Sunday, March 8, 2009
Here's the second part of the pencil test -- the flower blooming. I'll be coloring this in either crayon or colored pencil to give it a child-like quality, but I can't decide how to handle the background. It'd be nice to have a separate element animating as a background. I'd like to have some sort of movement back there instead of just a static color.
Saturday, March 7, 2009
If you own an Xbox 360 and wanna play a fun game, download "Death Tank" from Xbox Live Arcade. It's a really fun multiplayer action game from Ezra Dreisbach, a former Snowblind Studios programmer. The original game was included as an Easter Egg is the Sega Saturn games "Powerslave" and "Duke Nukem 3D." Snowblind helped him with development of this finely polished sequel, and is publishing it (I helped with the Italian localization, and also did some animation that didn't make it into the game).
Anyway, it's a great game, so cough up the $15 and blow some shit up.
Death Tank XBLA Site
Wednesday, March 4, 2009
So I've been really struggling in being productive outside of work. I've been spending months searching for some kind of inspiration to get my ass in gear. As a favor for a friend, I'll be doing a little animation sometime this week of a flower growing, so maybe that will spark something.
What I really want to talk about is this great book that hooks me every time I read pick it up.
"Game Over: Press Start To Continue" by David Sheff is an amazing account of Nintendo's rise to power. It's the book that really made me want to work in the game industry, or more specifically, made me want to work for Nintendo.
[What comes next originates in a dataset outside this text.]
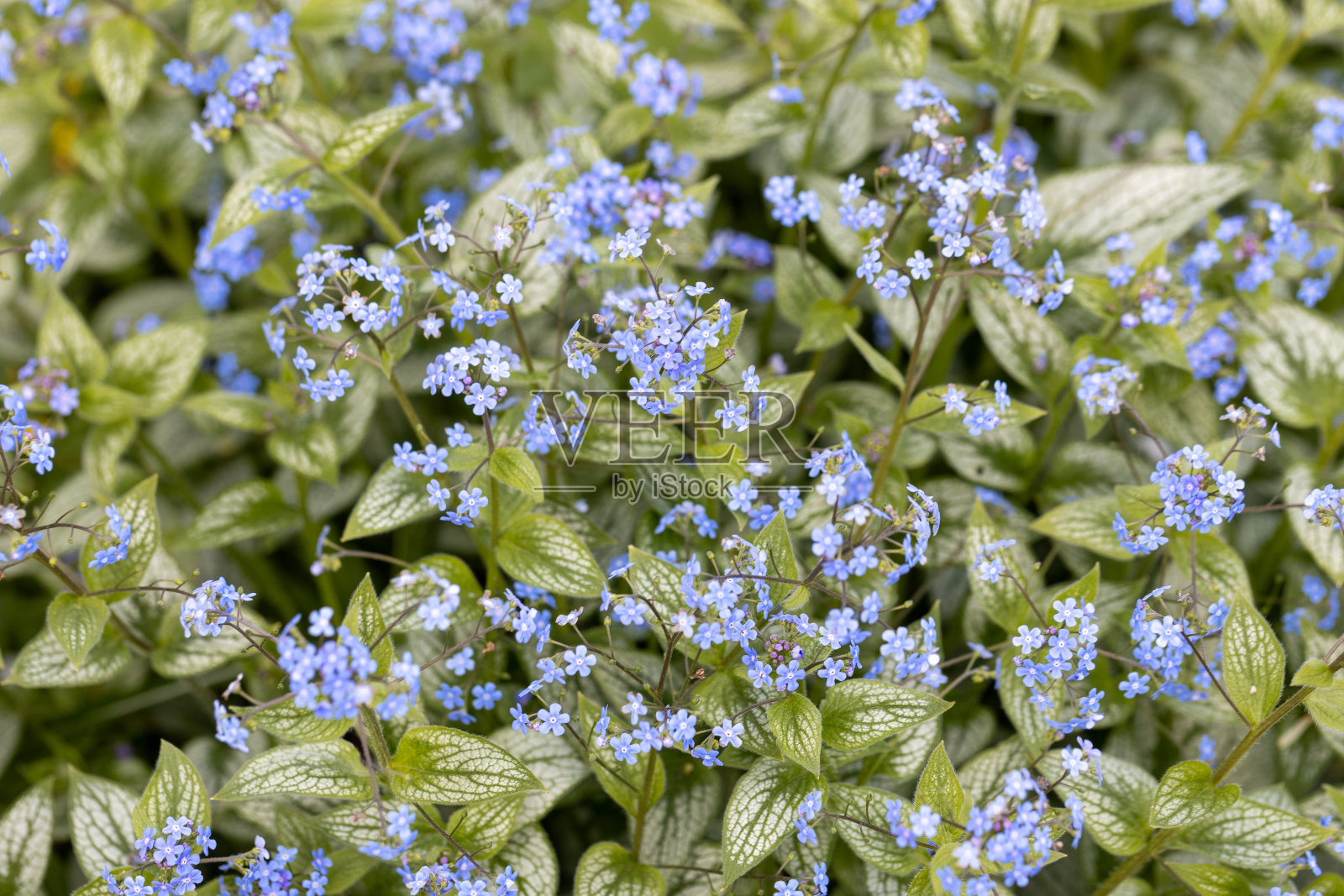 阳光照耀下花园里的蓝色布鲁纳花照片摄影图片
I read this book right before I started my internship at Nintendo Software Technology in 2003, and I was beyond excited to be on the inside of the place that saved the video game industry in North America.
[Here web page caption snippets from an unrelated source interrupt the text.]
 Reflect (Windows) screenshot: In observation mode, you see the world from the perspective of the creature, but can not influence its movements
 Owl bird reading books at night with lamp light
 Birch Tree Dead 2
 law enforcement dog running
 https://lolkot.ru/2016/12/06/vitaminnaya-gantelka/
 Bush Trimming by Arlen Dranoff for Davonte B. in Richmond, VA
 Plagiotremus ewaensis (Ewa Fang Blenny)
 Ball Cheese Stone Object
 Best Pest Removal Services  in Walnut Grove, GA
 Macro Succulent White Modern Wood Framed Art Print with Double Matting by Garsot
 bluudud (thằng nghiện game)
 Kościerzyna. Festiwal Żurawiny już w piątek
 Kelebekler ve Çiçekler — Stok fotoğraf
Nintendo's story is truly inspiring to me. Some of the methods they used to become the unquestioned industry leader back in the late '80s might be suspect, but they took an industry that American companies created (and subsequently brought to its knees and left for dead), and against all odds, brought it back from the brink and became one of the most successful and profitable companies in the world.
One really has to question why American companies continue to operate with such inefficiency after Nintendo showed the world how to do it right. They invested heavily in their R & D divisions, planned a long-term strategy, and didn't spend lavishly on things like private jets.
The book chronicles the history of the industry. From Nolan Bushnell's sloppy management of Atari, Shigeru Miyamoto's inspiring career and value to Nintendo, Trip Hawkin's arrogance, the many lawsuits Nintendo fought (and won), and Sega's challenge to Nintendo's throne -- "Game Over" covers it all objectively.
I remember my first day working on Nintendo of America's campus. It was such a thrill for me to walking around the offices where it all started. I would have quit DigiPen had they offered me a permanent position at NST, and I tried like hell after graduating to land a job there. Most of the people I knew at NST are gone however, and it seems that the studio (like Nintendo's other American studios), isn't doing so well on the inside. Most everyone I knew while working there have moved on, citing frustration and poor management. So maybe it worked out for the best that I never got hired there. I have to say though, seeing my name under Miyamoto's in the credits of "1080 Avalanche" and "Mario Vs. Donkey Kong" is still pretty special for me, even if it's just "special thanks."